Directions -> What should be copied is the stretch of entries below from the line with "Fernando Vargas's room" up to and including the line with "683292dd7f7f9fe2's avatar", exactly and without images.

Given entries ->
::::::

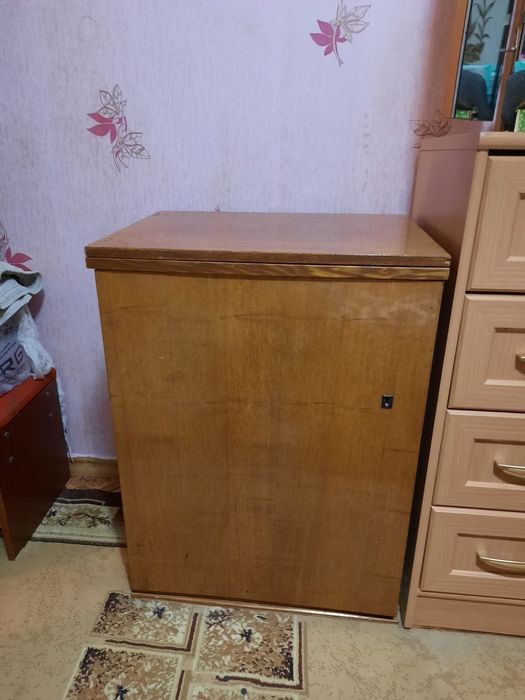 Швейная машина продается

::::::

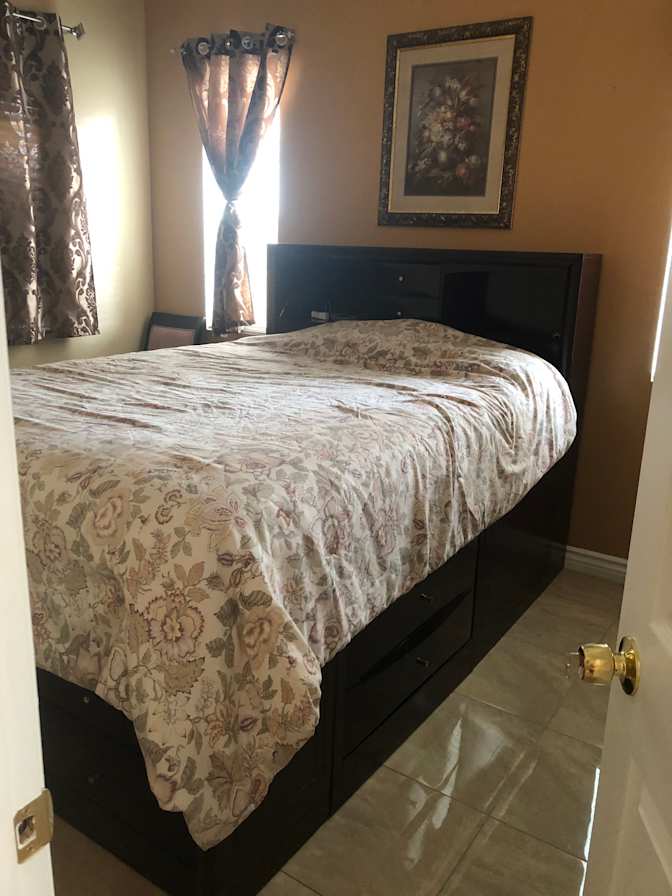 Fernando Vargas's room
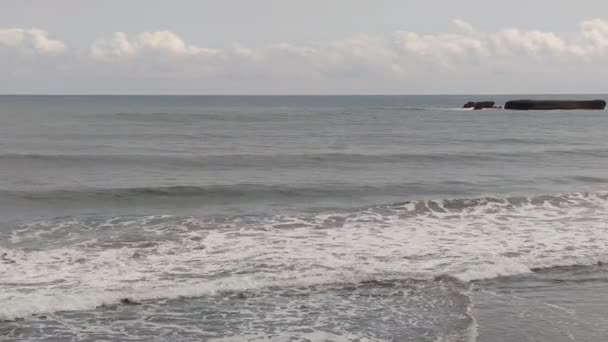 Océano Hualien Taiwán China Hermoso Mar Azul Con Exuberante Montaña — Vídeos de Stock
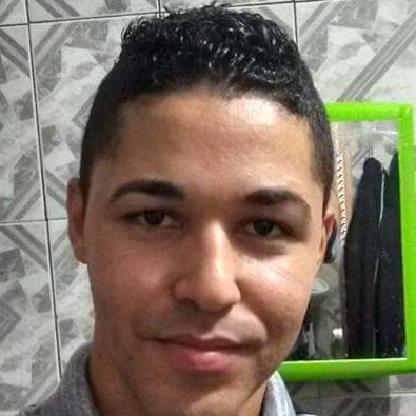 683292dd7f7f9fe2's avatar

::::::

Solution to the exercise ->
 Fernando Vargas's room
 Océano Hualien Taiwán China Hermoso Mar Azul Con Exuberante Montaña — Vídeos de Stock
 683292dd7f7f9fe2's avatar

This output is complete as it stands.